Last week, after a federal jury of 12 was hopelessly deadlocked, the bribery case against Senator Robert Menendez was declared a mistrial by a Newark judge.
To the great dismay of federal prosecutors, for now the New Jersey Democrat will avoid both prison and losing his seat on the Senate.
Just before 1 p.m. on Thursday, November 16, Judge William Walls said, “I find you are unable to reach a verdict and that further deliberations are futile. There is no alternative but to declare a mistrial.”
A spokesman for the Washington, DC office in charge of the case wouldn’t comment on whether the Department of Justice would be exercising it right to retry the case. The spokesman did say, “The department will carefully consider next steps in this important matter and report to the court at the appropriate time.”.
Some members of the jury said that the prosecution’s case was too weak for a conviction.
A 49-year-old equipment operator from Roxbury, NJ, who was a juror, Ed Norris, told The Post that 10 out of the 12 people on the jury wanted to acquit the senator on all counts due to the prosecution’s lack of a “smoking gun,” as well as most of the evidence being circumstantial.

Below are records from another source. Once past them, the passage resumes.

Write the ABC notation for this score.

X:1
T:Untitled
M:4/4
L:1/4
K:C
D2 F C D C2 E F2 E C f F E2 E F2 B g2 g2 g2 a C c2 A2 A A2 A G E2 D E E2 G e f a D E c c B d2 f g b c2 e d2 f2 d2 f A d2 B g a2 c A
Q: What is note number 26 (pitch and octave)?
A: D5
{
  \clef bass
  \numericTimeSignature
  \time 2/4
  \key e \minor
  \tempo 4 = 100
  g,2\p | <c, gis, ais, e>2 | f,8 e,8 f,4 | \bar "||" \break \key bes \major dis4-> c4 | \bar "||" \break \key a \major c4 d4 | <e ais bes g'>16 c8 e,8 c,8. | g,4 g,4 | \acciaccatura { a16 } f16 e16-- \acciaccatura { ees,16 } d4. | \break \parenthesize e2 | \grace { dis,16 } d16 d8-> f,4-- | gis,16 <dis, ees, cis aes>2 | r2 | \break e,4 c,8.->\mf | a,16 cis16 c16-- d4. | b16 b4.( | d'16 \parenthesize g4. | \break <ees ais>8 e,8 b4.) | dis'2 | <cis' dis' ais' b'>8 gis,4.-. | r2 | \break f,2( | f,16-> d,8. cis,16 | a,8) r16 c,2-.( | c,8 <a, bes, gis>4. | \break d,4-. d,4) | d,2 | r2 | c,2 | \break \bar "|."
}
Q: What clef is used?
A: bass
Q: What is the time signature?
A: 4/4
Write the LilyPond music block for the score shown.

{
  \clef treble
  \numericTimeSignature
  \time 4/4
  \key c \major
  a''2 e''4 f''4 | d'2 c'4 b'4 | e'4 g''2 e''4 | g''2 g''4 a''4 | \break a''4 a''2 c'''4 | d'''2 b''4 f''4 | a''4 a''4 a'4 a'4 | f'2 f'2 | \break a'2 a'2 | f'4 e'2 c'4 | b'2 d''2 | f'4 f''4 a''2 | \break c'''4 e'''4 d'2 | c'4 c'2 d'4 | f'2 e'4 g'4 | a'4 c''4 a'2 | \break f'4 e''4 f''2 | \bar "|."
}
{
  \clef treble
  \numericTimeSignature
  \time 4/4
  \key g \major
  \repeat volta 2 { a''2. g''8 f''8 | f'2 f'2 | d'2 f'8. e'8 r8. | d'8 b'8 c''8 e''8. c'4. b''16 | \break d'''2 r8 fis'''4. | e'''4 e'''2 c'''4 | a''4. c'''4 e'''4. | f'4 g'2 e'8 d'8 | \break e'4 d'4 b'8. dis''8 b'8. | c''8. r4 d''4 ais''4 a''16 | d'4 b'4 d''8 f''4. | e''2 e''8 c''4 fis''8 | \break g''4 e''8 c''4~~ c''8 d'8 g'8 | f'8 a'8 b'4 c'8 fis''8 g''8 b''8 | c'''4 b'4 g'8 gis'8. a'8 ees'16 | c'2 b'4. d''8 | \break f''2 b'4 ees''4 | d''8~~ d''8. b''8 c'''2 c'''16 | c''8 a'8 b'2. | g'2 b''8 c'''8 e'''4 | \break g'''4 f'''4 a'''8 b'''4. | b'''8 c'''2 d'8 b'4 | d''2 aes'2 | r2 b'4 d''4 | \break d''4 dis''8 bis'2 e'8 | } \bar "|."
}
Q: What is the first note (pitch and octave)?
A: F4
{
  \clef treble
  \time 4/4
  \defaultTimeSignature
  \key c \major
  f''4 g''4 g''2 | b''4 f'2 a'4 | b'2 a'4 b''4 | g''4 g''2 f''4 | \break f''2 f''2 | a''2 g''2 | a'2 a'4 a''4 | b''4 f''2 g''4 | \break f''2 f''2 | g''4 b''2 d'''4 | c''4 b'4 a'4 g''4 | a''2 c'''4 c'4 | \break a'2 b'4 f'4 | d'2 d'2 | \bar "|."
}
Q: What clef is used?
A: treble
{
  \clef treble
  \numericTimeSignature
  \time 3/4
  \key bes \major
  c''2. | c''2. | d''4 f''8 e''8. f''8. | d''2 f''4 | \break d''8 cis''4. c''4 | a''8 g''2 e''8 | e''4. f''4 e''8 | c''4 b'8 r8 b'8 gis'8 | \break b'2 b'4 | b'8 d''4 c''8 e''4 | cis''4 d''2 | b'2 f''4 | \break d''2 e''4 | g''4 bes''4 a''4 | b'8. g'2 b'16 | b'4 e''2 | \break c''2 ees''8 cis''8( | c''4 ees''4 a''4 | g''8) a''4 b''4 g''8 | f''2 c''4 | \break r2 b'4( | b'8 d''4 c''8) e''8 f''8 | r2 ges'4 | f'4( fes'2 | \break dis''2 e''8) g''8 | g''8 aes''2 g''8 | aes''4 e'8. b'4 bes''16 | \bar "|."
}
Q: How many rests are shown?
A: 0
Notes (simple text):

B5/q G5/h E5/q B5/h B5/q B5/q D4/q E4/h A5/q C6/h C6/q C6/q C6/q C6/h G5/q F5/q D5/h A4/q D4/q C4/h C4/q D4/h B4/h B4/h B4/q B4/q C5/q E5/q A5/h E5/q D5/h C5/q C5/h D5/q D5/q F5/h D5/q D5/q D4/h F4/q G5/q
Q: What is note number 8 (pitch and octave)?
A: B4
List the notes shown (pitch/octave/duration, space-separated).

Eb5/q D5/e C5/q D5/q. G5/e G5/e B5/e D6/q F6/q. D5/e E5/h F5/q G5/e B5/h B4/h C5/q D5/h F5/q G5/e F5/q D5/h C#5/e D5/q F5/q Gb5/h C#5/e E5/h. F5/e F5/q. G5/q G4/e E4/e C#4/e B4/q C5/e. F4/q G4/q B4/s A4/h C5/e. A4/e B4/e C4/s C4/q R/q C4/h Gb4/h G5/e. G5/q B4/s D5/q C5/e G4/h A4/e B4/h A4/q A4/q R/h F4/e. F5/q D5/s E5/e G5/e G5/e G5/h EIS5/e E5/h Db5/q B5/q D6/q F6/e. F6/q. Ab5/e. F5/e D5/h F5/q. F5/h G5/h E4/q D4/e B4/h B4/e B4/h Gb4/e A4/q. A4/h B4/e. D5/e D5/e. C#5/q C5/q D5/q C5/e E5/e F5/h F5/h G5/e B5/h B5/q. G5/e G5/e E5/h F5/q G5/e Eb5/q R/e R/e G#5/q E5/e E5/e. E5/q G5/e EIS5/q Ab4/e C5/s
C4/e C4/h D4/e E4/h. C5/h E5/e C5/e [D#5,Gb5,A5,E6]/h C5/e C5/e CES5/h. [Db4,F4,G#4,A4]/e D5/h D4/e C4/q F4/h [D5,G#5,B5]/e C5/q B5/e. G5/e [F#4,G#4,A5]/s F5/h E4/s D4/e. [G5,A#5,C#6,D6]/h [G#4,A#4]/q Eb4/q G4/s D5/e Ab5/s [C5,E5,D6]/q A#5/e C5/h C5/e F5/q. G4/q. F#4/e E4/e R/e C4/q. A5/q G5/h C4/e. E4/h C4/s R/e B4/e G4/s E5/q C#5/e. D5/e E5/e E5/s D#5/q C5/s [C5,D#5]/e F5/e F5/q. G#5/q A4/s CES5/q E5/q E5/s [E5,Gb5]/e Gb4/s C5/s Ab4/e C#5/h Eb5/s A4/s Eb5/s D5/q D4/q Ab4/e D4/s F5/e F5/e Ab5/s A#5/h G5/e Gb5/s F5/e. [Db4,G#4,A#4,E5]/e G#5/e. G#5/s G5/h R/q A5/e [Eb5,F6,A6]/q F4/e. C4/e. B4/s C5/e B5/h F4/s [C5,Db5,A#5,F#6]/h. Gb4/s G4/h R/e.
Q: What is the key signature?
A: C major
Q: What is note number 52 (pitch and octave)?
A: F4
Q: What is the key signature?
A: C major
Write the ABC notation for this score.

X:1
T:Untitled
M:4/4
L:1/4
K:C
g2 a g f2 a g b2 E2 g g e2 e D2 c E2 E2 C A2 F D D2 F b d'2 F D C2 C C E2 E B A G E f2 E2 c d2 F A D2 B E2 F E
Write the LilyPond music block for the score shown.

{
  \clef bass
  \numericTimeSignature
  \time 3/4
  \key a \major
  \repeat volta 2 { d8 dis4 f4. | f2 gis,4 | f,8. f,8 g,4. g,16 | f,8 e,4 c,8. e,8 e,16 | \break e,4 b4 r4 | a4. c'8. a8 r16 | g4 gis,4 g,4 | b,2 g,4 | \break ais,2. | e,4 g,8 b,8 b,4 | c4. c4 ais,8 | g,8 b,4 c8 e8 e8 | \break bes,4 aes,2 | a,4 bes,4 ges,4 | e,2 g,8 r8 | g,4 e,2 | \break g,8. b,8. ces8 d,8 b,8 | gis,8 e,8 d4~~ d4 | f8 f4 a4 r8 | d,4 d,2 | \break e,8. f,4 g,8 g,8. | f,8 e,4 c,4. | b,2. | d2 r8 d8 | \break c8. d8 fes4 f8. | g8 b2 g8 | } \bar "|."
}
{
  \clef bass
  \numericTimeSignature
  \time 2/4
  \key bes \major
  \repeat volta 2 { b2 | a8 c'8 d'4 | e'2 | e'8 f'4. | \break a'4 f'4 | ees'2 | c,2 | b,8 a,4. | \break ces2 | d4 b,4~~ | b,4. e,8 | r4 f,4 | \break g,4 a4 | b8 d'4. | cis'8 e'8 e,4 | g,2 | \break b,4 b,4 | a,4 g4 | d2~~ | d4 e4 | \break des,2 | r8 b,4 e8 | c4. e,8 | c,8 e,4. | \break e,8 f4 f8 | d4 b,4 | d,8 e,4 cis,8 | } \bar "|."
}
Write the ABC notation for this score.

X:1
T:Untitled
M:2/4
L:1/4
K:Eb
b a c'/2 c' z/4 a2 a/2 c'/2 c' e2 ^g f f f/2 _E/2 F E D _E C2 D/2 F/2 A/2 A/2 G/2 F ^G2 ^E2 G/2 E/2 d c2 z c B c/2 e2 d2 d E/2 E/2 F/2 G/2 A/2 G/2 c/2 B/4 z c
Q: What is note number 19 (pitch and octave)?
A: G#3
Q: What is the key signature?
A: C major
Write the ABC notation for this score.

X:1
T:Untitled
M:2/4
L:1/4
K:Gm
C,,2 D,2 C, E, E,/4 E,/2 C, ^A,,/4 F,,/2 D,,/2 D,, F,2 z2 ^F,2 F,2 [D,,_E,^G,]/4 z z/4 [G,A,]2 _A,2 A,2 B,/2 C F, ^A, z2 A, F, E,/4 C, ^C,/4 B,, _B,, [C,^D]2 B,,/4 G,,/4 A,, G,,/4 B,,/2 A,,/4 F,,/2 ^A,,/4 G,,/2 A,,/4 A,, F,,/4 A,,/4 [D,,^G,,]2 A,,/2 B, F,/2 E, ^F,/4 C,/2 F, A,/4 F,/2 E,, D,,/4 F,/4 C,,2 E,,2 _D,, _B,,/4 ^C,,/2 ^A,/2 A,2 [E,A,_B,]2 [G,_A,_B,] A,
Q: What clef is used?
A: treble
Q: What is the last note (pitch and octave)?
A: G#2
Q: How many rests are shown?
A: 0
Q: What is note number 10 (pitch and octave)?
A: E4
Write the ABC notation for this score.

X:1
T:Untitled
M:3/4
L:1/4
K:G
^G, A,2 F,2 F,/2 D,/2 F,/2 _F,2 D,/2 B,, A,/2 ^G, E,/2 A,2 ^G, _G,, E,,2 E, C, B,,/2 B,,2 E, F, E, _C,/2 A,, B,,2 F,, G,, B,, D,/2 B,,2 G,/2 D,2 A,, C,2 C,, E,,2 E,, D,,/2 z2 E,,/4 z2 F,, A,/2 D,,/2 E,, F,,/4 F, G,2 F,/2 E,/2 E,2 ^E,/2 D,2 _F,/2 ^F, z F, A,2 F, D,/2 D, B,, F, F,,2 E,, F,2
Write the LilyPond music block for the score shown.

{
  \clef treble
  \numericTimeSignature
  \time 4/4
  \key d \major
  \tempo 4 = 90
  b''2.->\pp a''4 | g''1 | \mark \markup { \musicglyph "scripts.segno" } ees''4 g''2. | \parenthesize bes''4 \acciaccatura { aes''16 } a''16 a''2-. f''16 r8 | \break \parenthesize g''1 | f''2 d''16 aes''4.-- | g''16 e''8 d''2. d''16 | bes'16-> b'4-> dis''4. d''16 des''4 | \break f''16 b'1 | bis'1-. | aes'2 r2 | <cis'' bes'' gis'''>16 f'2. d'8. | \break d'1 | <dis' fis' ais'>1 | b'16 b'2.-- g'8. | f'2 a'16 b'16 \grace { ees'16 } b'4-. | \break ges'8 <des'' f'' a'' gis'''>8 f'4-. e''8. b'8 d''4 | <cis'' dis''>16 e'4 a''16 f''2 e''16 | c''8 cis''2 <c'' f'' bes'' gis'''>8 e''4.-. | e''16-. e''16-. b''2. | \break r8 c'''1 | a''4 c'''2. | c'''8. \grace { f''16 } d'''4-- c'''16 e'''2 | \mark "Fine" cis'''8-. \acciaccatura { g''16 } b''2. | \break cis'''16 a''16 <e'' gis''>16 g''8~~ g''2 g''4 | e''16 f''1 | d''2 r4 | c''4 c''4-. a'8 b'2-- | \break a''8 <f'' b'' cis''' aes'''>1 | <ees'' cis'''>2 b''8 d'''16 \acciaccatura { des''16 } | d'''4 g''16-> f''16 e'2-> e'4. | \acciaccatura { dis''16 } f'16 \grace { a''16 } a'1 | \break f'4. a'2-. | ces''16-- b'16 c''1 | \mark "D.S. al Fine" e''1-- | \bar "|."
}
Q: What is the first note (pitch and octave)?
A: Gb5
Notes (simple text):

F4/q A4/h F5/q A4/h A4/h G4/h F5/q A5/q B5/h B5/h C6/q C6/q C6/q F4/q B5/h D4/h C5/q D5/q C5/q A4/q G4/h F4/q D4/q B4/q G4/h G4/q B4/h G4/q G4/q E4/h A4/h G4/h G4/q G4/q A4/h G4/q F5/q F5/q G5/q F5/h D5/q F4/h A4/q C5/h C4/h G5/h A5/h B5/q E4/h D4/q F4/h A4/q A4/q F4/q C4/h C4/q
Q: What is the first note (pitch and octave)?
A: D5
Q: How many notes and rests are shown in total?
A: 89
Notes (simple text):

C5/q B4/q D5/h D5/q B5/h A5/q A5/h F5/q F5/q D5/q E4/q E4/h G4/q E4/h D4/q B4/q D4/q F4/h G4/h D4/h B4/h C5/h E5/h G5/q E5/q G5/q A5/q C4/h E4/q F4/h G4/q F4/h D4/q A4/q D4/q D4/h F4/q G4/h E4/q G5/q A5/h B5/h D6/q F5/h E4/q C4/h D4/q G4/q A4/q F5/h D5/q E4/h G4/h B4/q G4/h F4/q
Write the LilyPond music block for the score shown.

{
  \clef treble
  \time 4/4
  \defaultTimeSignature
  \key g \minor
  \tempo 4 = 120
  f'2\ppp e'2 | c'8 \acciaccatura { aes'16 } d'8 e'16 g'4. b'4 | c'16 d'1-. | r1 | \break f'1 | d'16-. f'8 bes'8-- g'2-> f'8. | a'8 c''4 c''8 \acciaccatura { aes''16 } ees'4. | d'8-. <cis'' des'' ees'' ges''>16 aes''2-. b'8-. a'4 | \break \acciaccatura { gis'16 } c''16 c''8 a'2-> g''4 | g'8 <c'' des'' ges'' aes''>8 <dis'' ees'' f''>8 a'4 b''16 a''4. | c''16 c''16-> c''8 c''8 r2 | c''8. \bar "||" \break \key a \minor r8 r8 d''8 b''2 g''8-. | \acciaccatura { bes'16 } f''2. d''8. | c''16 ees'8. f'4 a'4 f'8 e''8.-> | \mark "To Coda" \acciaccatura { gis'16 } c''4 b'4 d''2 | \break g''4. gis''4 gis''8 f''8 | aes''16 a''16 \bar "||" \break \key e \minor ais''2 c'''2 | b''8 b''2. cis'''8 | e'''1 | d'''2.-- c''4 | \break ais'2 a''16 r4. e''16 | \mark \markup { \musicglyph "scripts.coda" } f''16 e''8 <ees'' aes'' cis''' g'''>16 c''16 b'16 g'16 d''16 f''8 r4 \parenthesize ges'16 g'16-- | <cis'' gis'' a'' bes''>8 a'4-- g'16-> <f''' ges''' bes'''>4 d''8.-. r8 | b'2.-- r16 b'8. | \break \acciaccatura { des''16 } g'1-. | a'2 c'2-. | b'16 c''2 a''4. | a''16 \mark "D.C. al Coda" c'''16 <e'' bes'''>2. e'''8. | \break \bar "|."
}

On his way leaving the court on Thursday, Norris told reporters, “I thought he was not guilty. I don’t think the government proved it. There is no smoking gun in this case.”
The 63-year-old Menendez gave an emotional speech outside the courthouse. He thanked his supporters who testified on his behalf, including fellow Sens. Cory Booker (D-NJ) and Lindsey Graham (R-SC). Then he warned those against him and accused the feds of being racist.
Menendez said, “To those who were digging my political grave so they could jump into my seat, I know who you are and I won’t forget you. Certain elements of the FBI and of our state cannot understand, or even worse, accept that the Latino kid from Union City and Hudson County can grow up to be a United States senator and be honest.”
According to The Post, “Prosecutors spent weeks trying to prove Menendez accepted lavish bribes — including all-expense-paid vacations and private flights — from his co-defendant Salomon Melgen. In exchange, they argued Menendez used the power of his office to advocate for Melgen, including securing visas for Melgen’s young girlfriends and helping the doctor with an $8.9 million billing dispute with Medicare. Defense lawyers argued the gifts and favors were the result of the men’s 20-year friendship, not bribery. It was an argument that resonated with some jurors, including Norris.”
Outside of court, Norris said, “I totally thought they were friends. Longtime friends.”
The jury began its deliberations for the first time on November 6, after a two-month long trial. On Monday, November 13, the jurors were told to start anew after an alternate came to replace Arroyo-Maultsby.